[gclist] Re: Name that hypothesis

Hans Boehm boehm@hoh.mti.sgi.com
Wed, 4 Dec 1996 10:46:25 -0800

On Dec 4, 10:54am, Charles Fiterman wrote:
> Subject: Re: [gclist] Re: Name that hypothesis
> > || What is the name of the following hypothesis?
> > ||
> > || 	"Most references in a system point backwards in time, i.e. from
> > || 	 younger objects to older objects."
> >
> >We tested that hypothesis.  It is incorrect.
> >
> >Specifically, here is how some well-known C programs behave:
> I see systematic sampling error here. The programs are all in C.

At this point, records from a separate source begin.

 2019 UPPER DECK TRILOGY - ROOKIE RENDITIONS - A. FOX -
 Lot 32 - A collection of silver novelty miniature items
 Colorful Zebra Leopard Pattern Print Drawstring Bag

The problem is that the real world has committed a systematic sampling error:
 All the real programs most of us use are written in C (probably with some
amount of C++ of various flavors thrown in, depending on the platform).

This means most of us have 2 choices when it comes to selecting sample programs
for such studies:

a) Ignore the real world, and consider programs written in a garbage collected
language in what we consider appropriate style (on which not many of us would
agree), or

b) Measure C programs, and perhaps try to compensate for artifacts of the
language and for inappropriate programming style.

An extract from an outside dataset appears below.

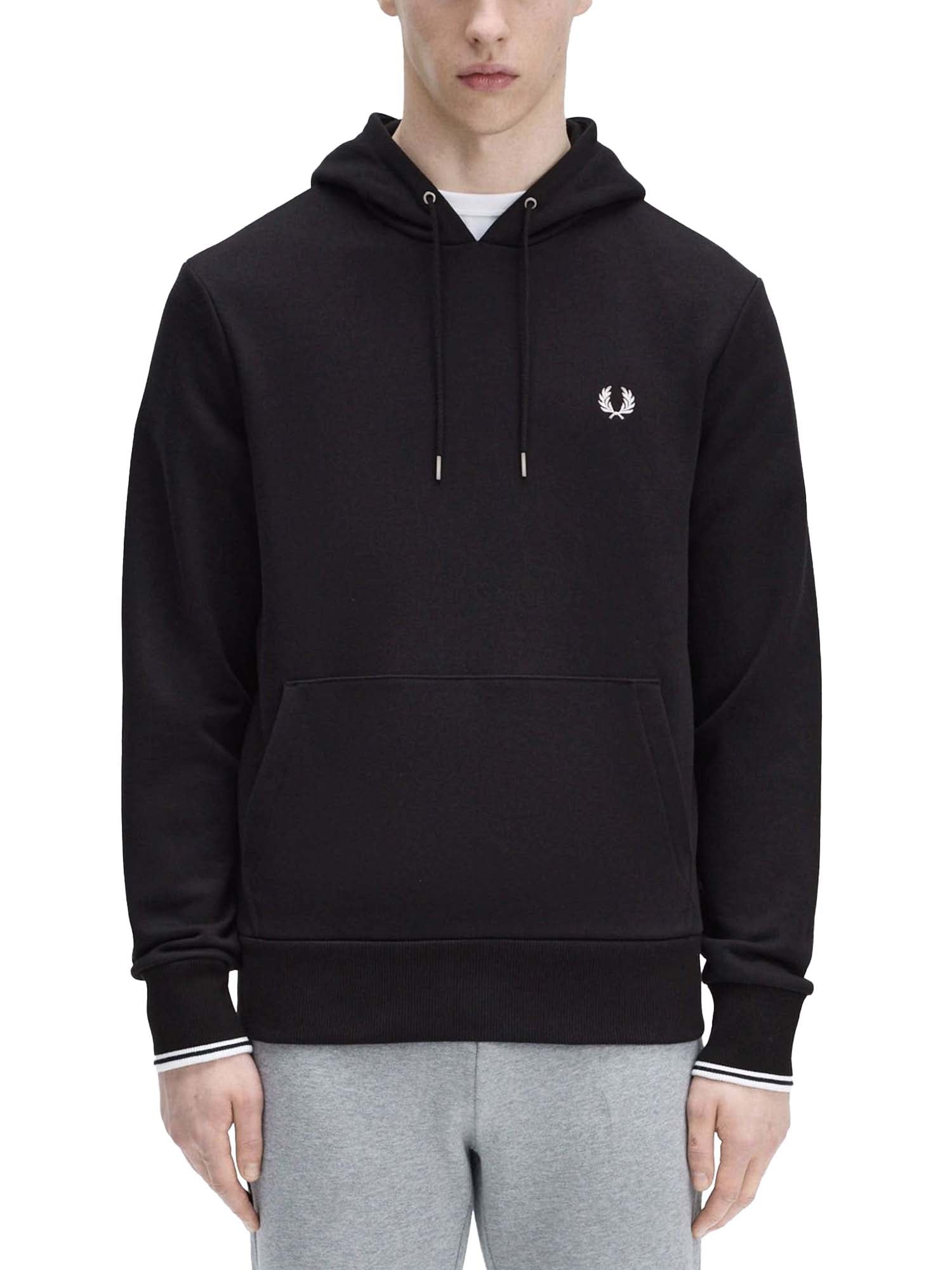 Fred Perry Felpa con cappuccio a righe Nero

Option (a) has many problems.  The samples tend to reflect the programming
styles of a few people, and tend to be biased by artifacts of one or two
implementations.  The samples tend to be small and sometimes artificial.  The
programs often have not gone through much performance tuning.  They're arguably
less likely to solve problems that most of us care about.

Particular languages seem to encourage very specific programming styles, making
it hard to generalize to anything else.  For example, Manuel Serrano concluded
that ML programs (perhaps especially ML benchmarks), benefit much more from
generational collection than even Scheme programs.

Given an exclusive choice, I greatly prefer option (b).  This does introduce
some biases.  But it's not clear to me why it should bias pointer direction
measurements, except in comparison to language implementations that make it
hard or impossible to introduce forward pointers.

In an ideal world, I'd like to see as many measurements as possible.  But I'm
certainly not willing to dismiss measurements becasue they only include C


Hans-Juergen Boehm